FAQs
how are academic sets decided?

Academic sets are based on ability in English and Mathematics throughout the College, whilst pupils taking option subjects are placed into mixed ability classes.  Pupils entering Form 1 (Year 7) are placed into broad bands of ability based on information received from feeder schools and the results of their Pangbourne entry assessment.

Pupils entering Form 3 (Year 9) are set in classes according to their Common Entrance exam results, information provided by their prep schools and the results of Pangbourne’s entry testing.  Not all subjects at Key Stage 3 are set according to ability with practical subjects, such as Art and DT, taught to mixed ability groups.  In the Sixth Form, some setting by ability is used (especially in Mathematics and some sciences) but classes are made up of mixed ability sets in most subjects.

how large are the class sizes?

Classes in Form 1 (Year 7) up until Form 5 (Year 11) typically have 15-25 pupils.  In the Sixth Form, the amount of students can be anything from six to 15.

how much prep (homework) do students do?

Pupils in the Junior House (Forms 1 and 2 – Dunbar) have time during the College day on Monday, Thursday and Friday to do a 30-minute prep session but other prep in their own time.  Pupils in Form 1 can expect a 30-minute prep session each day and a 15-minute learning prep on some evenings.
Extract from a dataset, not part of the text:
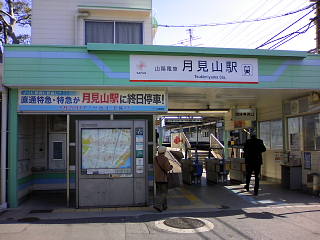 tsukimiyama013.jpg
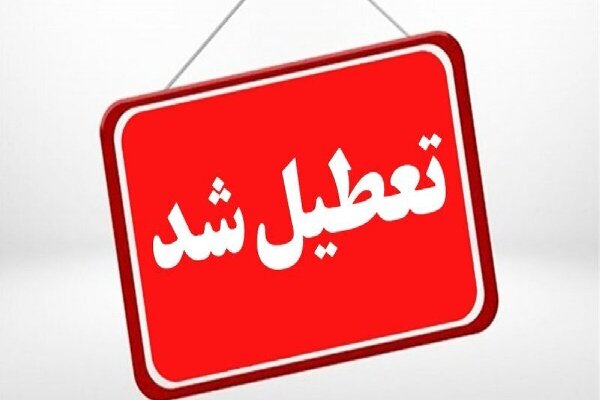 فعالیت اماکن ورزشی دماوند از ۱۳ تا ۱۵ تیر تعطیل شد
Pupils in Form 2 can expect two 30-minute prep sessions on some evenings but only one 30-minute prep on other occasions.  Form 3 pupils have two 40-minute prep sessions most evenings, whilst pupils in Forms 4 and 5 have two 45-minute prep sessions each evening.

Sixth Form students can expect their study time outside the classroom to match, or exceed, the time spent in lessons.

how do you stretch the most academically-able students?

After individuals have been identified as being amongst the most academically-able students within their year groups, there are a number of ways they are stretched in order for them to reach their potential.  Students identified as likely to benefit from an extra challenge are invited to fortnightly group meetings run by teachers across the curriculum, as part of Pangbourne’s flourishing Gifted & Talented programme, which are designed to extend the most able pupils.

Subject-specific extension groups, lectures, visits and tours also enable the most academically-able students to further their learning.  There is differentiated teaching to stretch the most able students.

what are academic surgeries?

Academic surgeries are held to frequently to cater for pupils’ needs, whether that is seeing a teacher for a couple of minutes to get specific help or working for longer with a member of staff for help with academic work, revision or remediation.

does pangbourne offer the gcse or igcse curriculum?

The English and Mathematics Department offer IGCSE courses as they feel it is good preparation for pupils taking their A Levels.  Other subjects follow the GCSE syllabuses but will continue to monitor the changes proposed by the Government to ensure the best specification available for the students is being used.

how is work monitored?

Each pupil has an academic tutor who they meet with daily.  Staff provide tutors with information about individuals so their progress can be monitored.  Work is reviewed across the year group or by topic in Departmental meetings.

how frequently do parents meet with teachers to assess their child's progress?

There is a formal Parents’ and Guardians’ Meeting each year but communication between tutors and parents, as often as necessary, is encouraged.

what is pangbourne's stance on the use of technology in lessons?

Pangbourne believes in the appropriate use of technology where it is a genuine aid to pupils and their learning.

what further resources does the college provide to aid students' independent learning?

Pupils have access to the College Library and the Internet.  There are Study Skills sessions throughout the year for specific year groups to advise pupils on the best methods of enhancing their independent learning and getting to grips with their prep (homework).